Podem viver entre 2 a 50 anos, sendo o valor médio próximo dos 20 anos.[1]
Habitat
Migradora catádroma, a enguia tem dois períodos de vida distintos: um no mar e outro nas águas doces ou interiores. Em Portugal, a entrada nos estuários parece verificar-se ao longo de todo o ano. Habita preferencialmente em locais de águas bem oxigenadas e pouco frias, com fundos de areia, lodosos ou com densa vegetação submersa. A enguia passa quase toda a sua fase adulta nos rios e estuários europeus, fixando-se os machos nos estuários e as fêmeas mais acima, migrando para montante.[1][9] A fase de permanência em água doce pode durar entre 6 e 12 anos, no caso dos machos, ou entre 10 e 20 anos, no caso das fêmeas. Findos estes anos de permanência, empreendem o regresso ao Mar dos Sargaços, para a reprodução.
Distribuição
A enguia pode encontrar-se no Atlântico, de Marrocos até ao Norte da Escandinávia e Islândia, no Mediterrâneo e no Mar Negro. Ela penetra a quase totalidade dos cursos de água portugueses.[1][9]
Factores de Ameaça
Captura excessiva, tanto na fase de meixão como na fase adulta, por ser uma espécie com elevado valor comercial;
Obstáculos à migração (barragens, açudes, etc.);
Exploração furtiva intensa nas zonas estuarinas;
Poluição industrial;
Poluição urbana;
Poluição agrícola;
Poluição pecuária.
Medidas de Conservação
Criação de acções de fiscalização para desactivação do mercado negro associado ao circuito comercial do meixão;
Criação de épocas de defeso para as enguias prateadas;
Sensibilização das comunidades piscatórias para a necessidade de serem rigorosas na declaração dos quantitativos das suas capturas, de modo a conhecer a situação real e poder concretizar medidas de gestão apropriadas à conservação da espécie;
Gestão das pescas;
Implementação das medidas contempladas nos vários planos de ordenamento do território;
Promoção das recuperação de habitats;
Controlo da poluição;
Controlo da extracção de inertes;
Restabelecimento da livre circulação da espécie nos ecossistemas dulciaquíolas;
Estabelecimento de programas de monitorização dos efectivos de meixão e enguias prateadas, visando conhecer a relação entre o recrutamento e o contributo para o efectivo reprodutor e acompanhar a sua evolução;
Coordenar as medidas de conservação adoptadas a uma escala europeia, uma vez que se trata de um recurso partilhado e cujas tendências populacionais devem, necessariamente, ser analisadas numa perspectiva mais alargada.

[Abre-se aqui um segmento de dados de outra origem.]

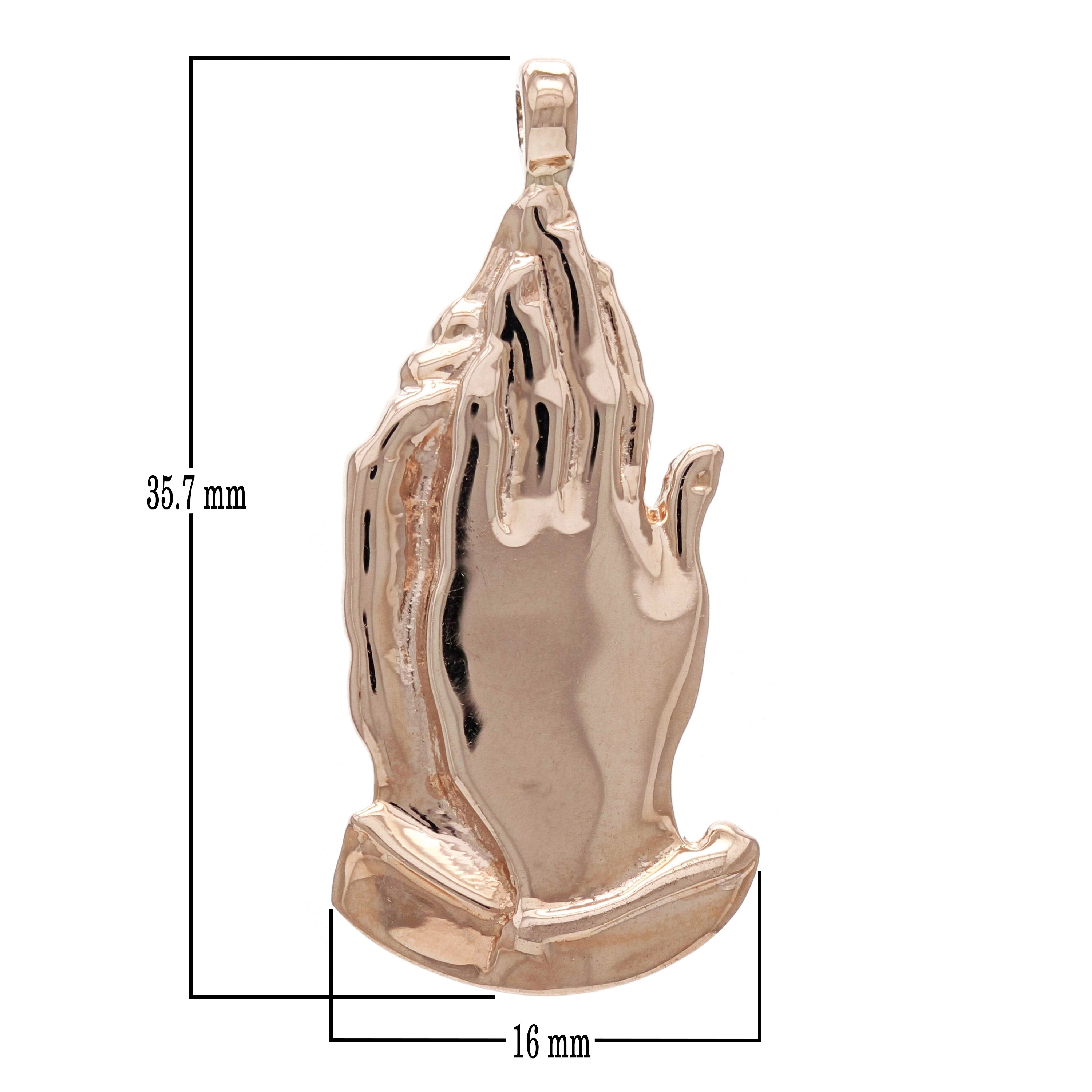 14k Yellow, White or Rose Gold Hands Folded in Prayer Charm or Pendant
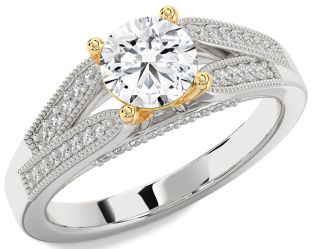 Diamond Silver & 10K gold Round Solitaire Engagement Ring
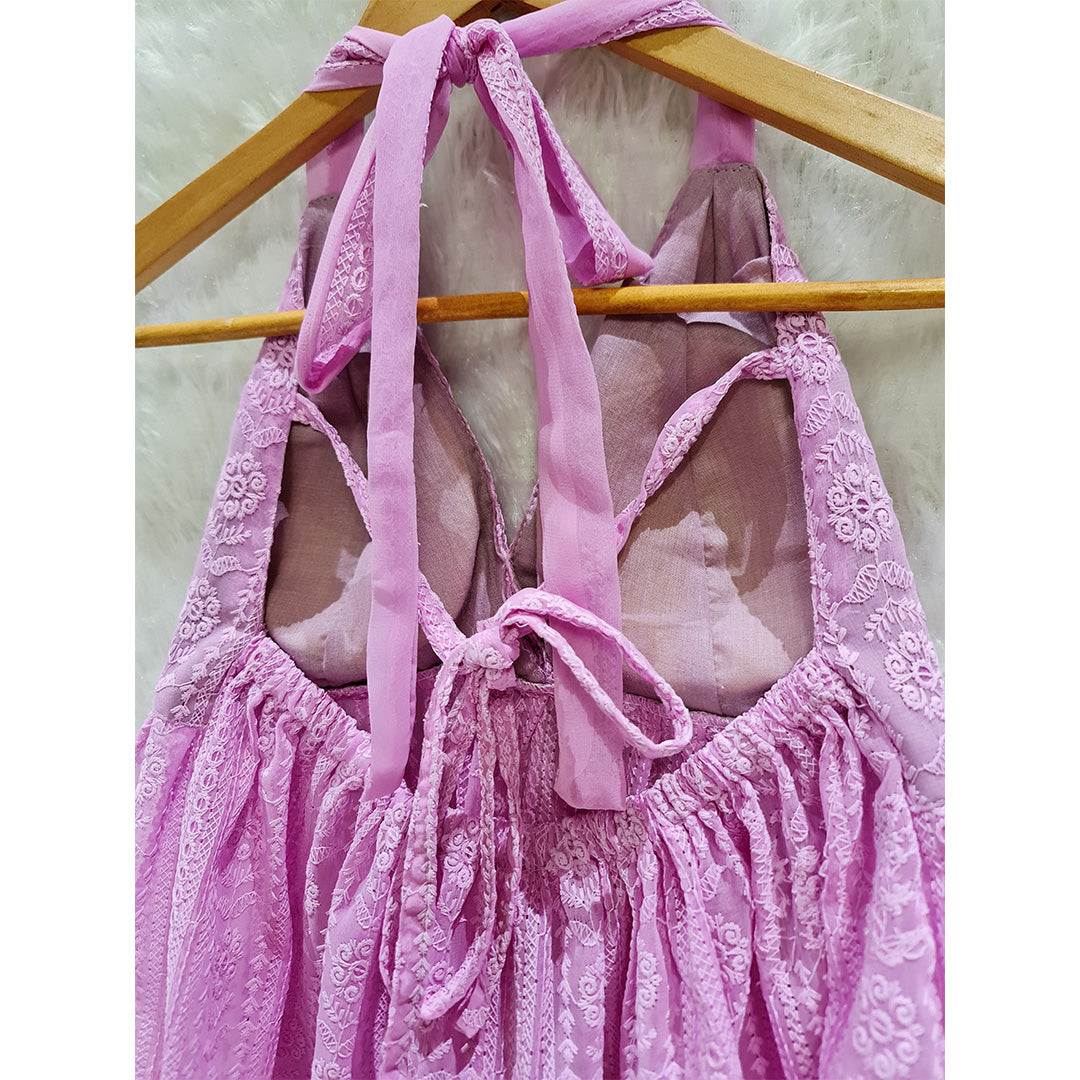 Lavender Chikan Halter Neck Chiffon Padded Top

↑[Aoyama, J., Nishida, M., and Tsukamoto, K. (2001) Molecular phylogeny and evolution of the freshwater eel, genus Anguilla, Molecular Phylogenetics and Evolution 20, 450-459].
↑[Lecomte-Finiger, R. (1992) Growth history and age at recruitment of European glass eels (Anguilla anguilla) as revealed by otolith microstructure, Marine Biology 114, 205-210].